From Hinckley to Harvard: Institute of Politics officials say civic engagement is a struggle for all universities

The U’s Hinckley Institute of Politics claims its internship program is the country’s best, and now Ivy League schools are following its lead.

On Nov. 5 and 6, four Hinckley staff members-Bryson Morgan, Courtney McBeth, Jacqueline Huntsman and Kirk Jowers-visited Harvard University for a skills training conference called the National Campaign for Political and Civic Engagement.

“There was a big focus on bridging the gap between service and political involvement,” Morgan said. “There’s a huge disconnect there.

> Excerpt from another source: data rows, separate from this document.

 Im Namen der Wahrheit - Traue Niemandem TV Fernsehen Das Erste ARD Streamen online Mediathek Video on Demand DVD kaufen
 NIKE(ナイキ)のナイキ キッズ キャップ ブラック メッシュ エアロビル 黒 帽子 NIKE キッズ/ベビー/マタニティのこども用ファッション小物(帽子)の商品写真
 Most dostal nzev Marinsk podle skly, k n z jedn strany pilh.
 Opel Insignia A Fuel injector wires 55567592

Students are more involved in direct service, but less likely to get involved in politics.”

A Harvard survey of college undergraduates conducted in October of 2002 found that nearly two-thirds of college students say they have recently volunteered in community service; 89 percent of this group volunteered in high school. However, less than 10 percent of undergraduates nationwide have volunteered on a political campaign. Although the 18-to-24-year-olds turned out in the strongest voting force for more than a decade last year, colleges have been struggling to maintain students’ interest in politics.

“Hosting this conference allows us to bring some of the best researchers together with student leaders who are turning new research into action on each of their campuses,” said Harvard’s Institute of Politics Director Jeanne Shaheen in a news release.

Morgan said the Hinckley Institute is working with other campus organizations, including the Bennion Center and VoteProject, to fix this trend locally through a high-school outreach program that teaches the importance of civic engagement.

In addition, the Hinckley Institute Student Alliance has worked on campus to bring together various political forces into one combined effort.

“(It’s) done an amazing job of engaging students in politics and elections, and our involvement with Harvard’s National Campaign has heightened the University of Utah on the national scene of political engagement,” McBeth said in a news release.

Huntsman said the conference renewed some of her ideas and enthusiasm, and it helped think about ways to connect the Hinckley Institute to different majors.

“They talked about how student leaders tend to be from one narrow group and how to reach out,” Huntsman said. “We want to connect people to politics because it affects every one of our lives.”

Two administrators and two students from the Hinckley Institute participate in the all-expense paid Harvard trip twice each year.

Morgan attended last year and said the sessions focused on voter registration because it was an election year.

The U earned an invitation to join 20 other schools at the conference when Kirk Jowers, Steve Ott and Ron Hrebenar-then acting as part of the interim leadership of the Hinckley Institute along with Dan Jones-visited Harvard, NYU and Rutgers along with other campuses touting the Hinckley Institute’s internship program.

“When they found all the things the Hinckley Institute was doing and realized our internship program was the best in the country, it was a great way for us to stand out as a flagship institution with Ivy League schools,” Jowers said.

Morgan said it was a relief to see the entire nation face the same issues as the U.

“We’re all assessing the same problems, and the obstacles to civic engagement are the same across the country,” Morgan said. “We’re seeing what can be done to get over those obstacles.”